This recipe, for once, doesn’t end with “salt to taste.” In fact, you’ll see the last line specifically says, “No salt or pepper will be needed,” the graceful words of the late Southern cooking champion Edna Lewis. She was of course right, and this simple, immediate Southern side dish needs nothing more than two ingredients: scallions and butter.

In The Taste of Country Cooking, Edna Lewis writes, “Scallions, like asparagus, are a wonderful spring vegetable and they are a good change. They are tempting to look at, have a mild and interesting flavor, and they go particularly well with veal kidneys, as well as with mutton, steak, and chops.” In the book, she served them on a menu called “An Early Summer Dinner” alongside sautéed veal kidney, spoon bread, a salad of Simpson lettuce and young beet tops, strawberries and cream, and sponge cake.

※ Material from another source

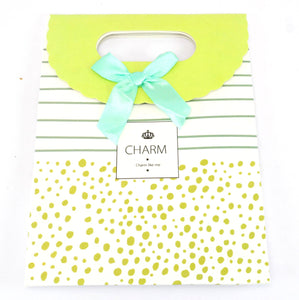Extra Small closing gift bag - 125 x 165 x 60mm - 2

A few tips: This technique will work well with whatever amount of scallions you have or would like to eat. Though the original recipe calls for four bunches, in Edna Lewis’s following cookbook In Pursuit of Flavor, she describes the scallions she likes to buy as smaller than the average grocery store scallion today: “In my opinion, they are an underused vegetable and taste almost as good today as they did years ago. I buy scallions that are about the size of a pencil but if they are a little thicker they still taste good.” If yours are larger, feel free to use fewer bunches, and you may want to cook them an extra minute or two. If your skillet does not have a lid, feel free to improvise with a baking sheet or another larger skillet to cover and steam the scallions.

Recipe adapted from The Taste of Country Cooking (Knopf, May 1976).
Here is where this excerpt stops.